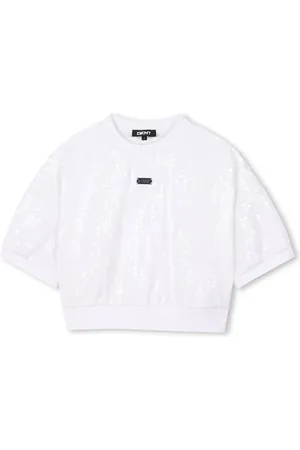 DKNY Tröja med paljetter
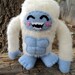 Happy Yeti Plushie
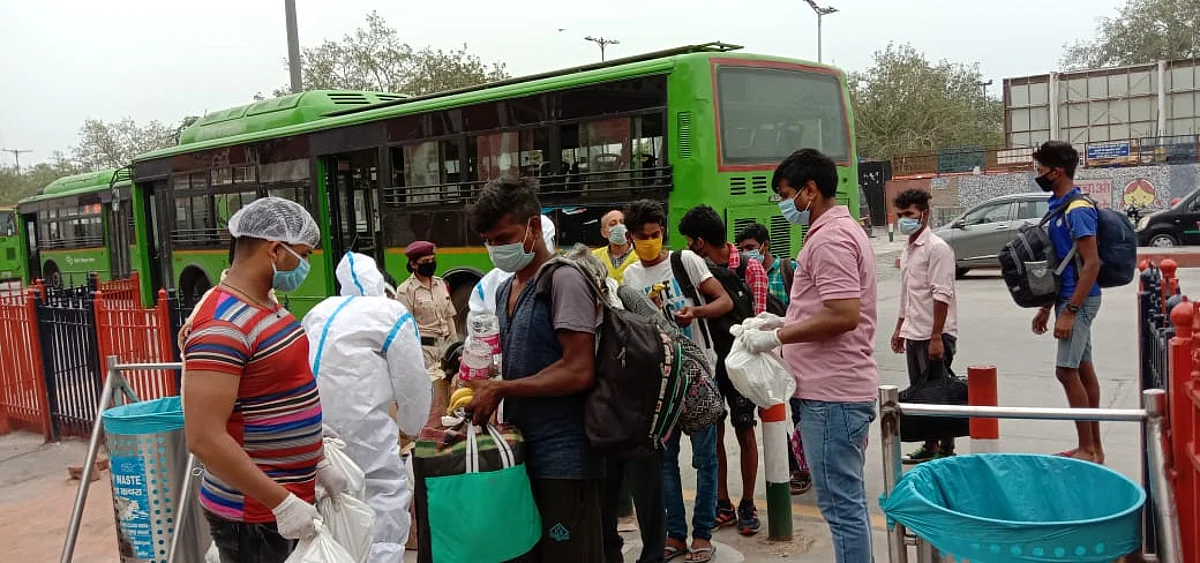 Delhi High Court terms cap of 20 lakh people for distribution of Non-PDS ration as 'arbitrary' and 'ad-hoc'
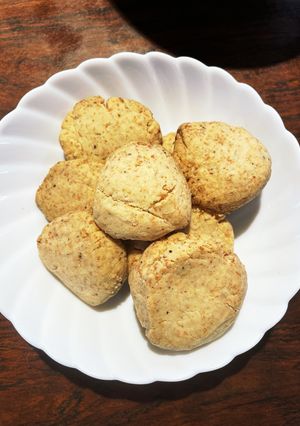 おからでチーズ&カモミールクッキー♡♡-レシピのメイン写真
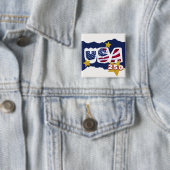 America 250 Button (Beispiel)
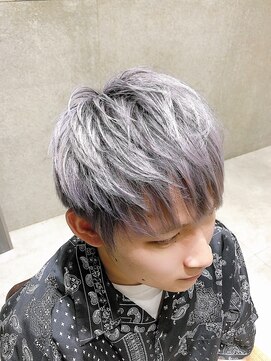 カノイ(KANOI) メンズ＊シルバーパープル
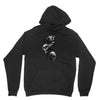 Kuru kafalar Unisex Hoodie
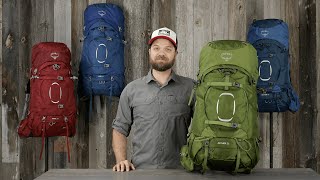 Osprey Packs  Aether™Ariel  Product Tour [upl. by Rutherford]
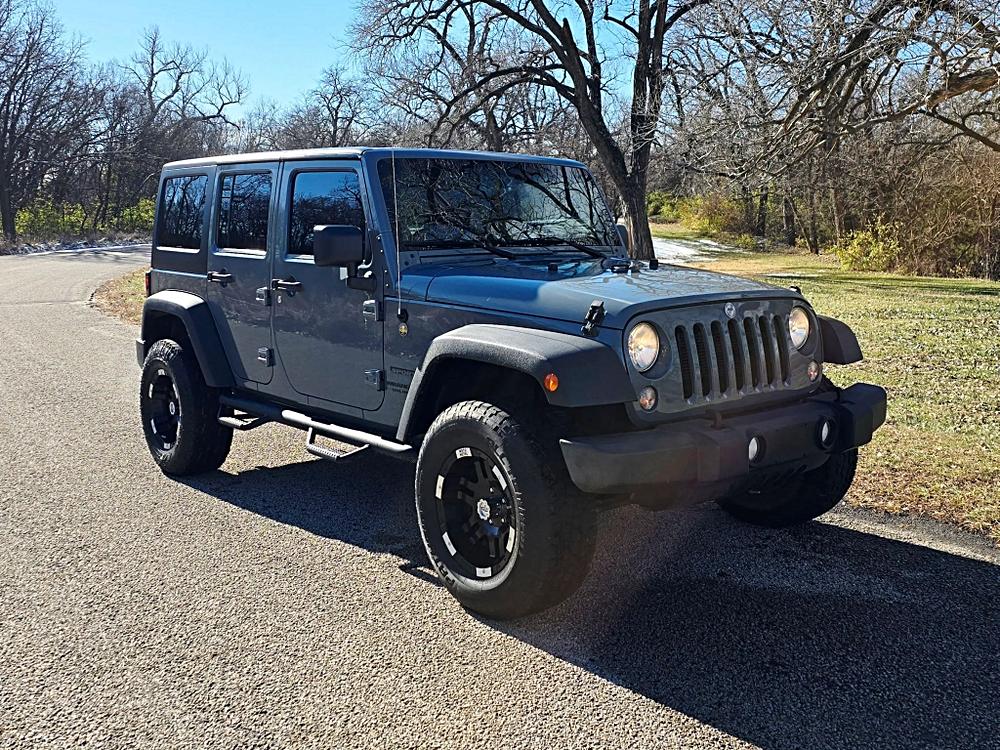2014 Jeep Wrangler Unlimited Sport's photo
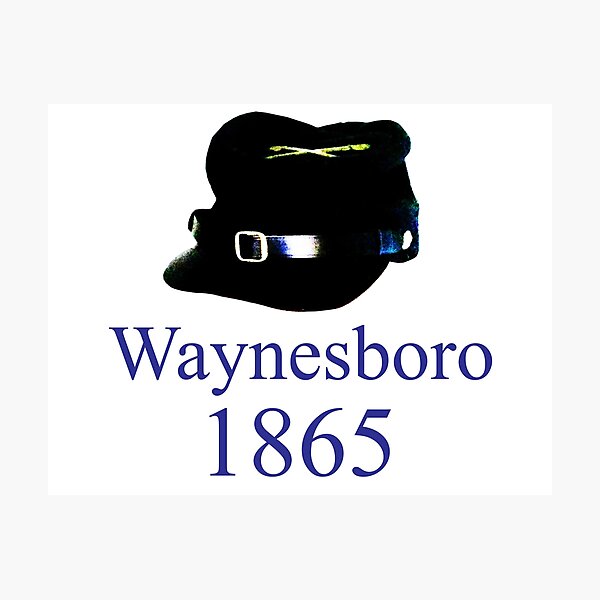 Item preview, The Battle of Waynesboro designed and sold by Murph's Images.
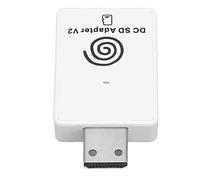 Keenso pour Dreamcast Professional Storage et Adaptateur de Lecteur de Carte Mémoire avec Indicateur D'état LED pour V4.0, Plug and Play for Game Console Accessories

....

#### [WORK TO BE COMPLETED]
I would like you to set down the lines above, from the one containing "Happy Yeti Plushie" to the final line, exactly as written and without pictures.

#### [TASK OUTPUT]
 Happy Yeti Plushie
 Delhi High Court terms cap of 20 lakh people for distribution of Non-PDS ration as 'arbitrary' and 'ad-hoc'
 おからでチーズ&カモミールクッキー♡♡-レシピのメイン写真
 America 250 Button (Beispiel)
 カノイ(KANOI) メンズ＊シルバーパープル
 Kuru kafalar Unisex Hoodie
 Osprey Packs  Aether™Ariel  Product Tour [upl. by Rutherford]
2014 Jeep Wrangler Unlimited Sport's photo
 Item preview, The Battle of Waynesboro designed and sold by Murph's Images.
 Keenso pour Dreamcast Professional Storage et Adaptateur de Lecteur de Carte Mémoire avec Indicateur D'état LED pour V4.0, Plug and Play for Game Console Accessories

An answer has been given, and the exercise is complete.